How to Speak Data in Plain English How to Speak Data in Plain English
The ability to analyze and model data has improved dramatically over the past decade, but our ability to communicate it has... How to Speak Data in Plain English

The ability to analyze and model data has improved dramatically over the past decade, but our ability to communicate it has not. Data science bootcamps and programs have sprung up promising 6-figure jobs in exchange for learning to code. For many analysts, though, coding is only the start. There’s a person on the other end of the project that wants to make business sense of the analysis and can’t understand when we talk about analytics concepts like p-values or Random Forest models. The most important soft skill a data analyst can have is to be an effective communicator and learn how to translate between “data-speak” and “business-speak” and learning how to speak data.

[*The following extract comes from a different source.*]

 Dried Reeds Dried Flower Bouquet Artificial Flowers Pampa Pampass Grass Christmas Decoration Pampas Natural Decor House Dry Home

Below are 3 ways to improve the way we communicate data to a non-technical audience:

  1. Be Concise
  2. Be Simple
  3. Be Relatable

I’m in the midst of reading The Wizard of Lies, a book that details the rise and fall of Bernie Madoff’s $65B Ponzi scheme. For readers not familiar with finance, a Ponzi scheme is when an investor commits fraud by generating returns through bringing in new client money rather than successfully investing in stocks or bonds.

Going through the book begs the question: How did no one pick up on this before it grew to a $65B problem and came toppling down?

The truth is, they did. Madoff was arrested in 2008, but as early as 1999, the SEC (Securities and Exchange Commission; the “Wall Street police”) received detailed reports about how Madoff’s performance couldn’t possibly be real. Why didn’t they listen and act? There are many reasons, but I suspect one might be the way the information was communicated.

Be Concise

Image for post

Screenshot of SEC Complaint; Red Flag #5

In 2005, the same person that filed the 1999 complaint wrote and filed another report. It had 29 red flags identifying why he thought Madoff was a fraud. On the surface, it might make sense that the more red flags, the more overwhelming the evidence of guilt.

However, let’s take a look at just one of the red flags on the left (albeit one of the more number-intensive ones). Do you think you could interpret it? Could you keep track of all the numbers and figure out what they mean? Could you maintain your focus for the 24 red flags that follow afterward? Personally, my eyes and attention wane by the third or fourth sentence.

Humans are not designed to retain and process so much information at once. The most impactful 3 reasons for action can be more powerful than listing out all 29. What would you think about the case against Madoff if you were to only see the following 3 statements?

  • Over a 7-year time horizon, a comparable fund to Madoff’s had an objectively more conservative investment strategy yet had~9x more months with negative returns and 34% lower returns per year.
  • Given the market performance, the likelihood of Madoff achieving his returns is less than 1 in 1T.
  • To have executed on his stated investing strategy, Madoff would need to have bought a higher dollar value of financial products than existed in the entire market in which he operated.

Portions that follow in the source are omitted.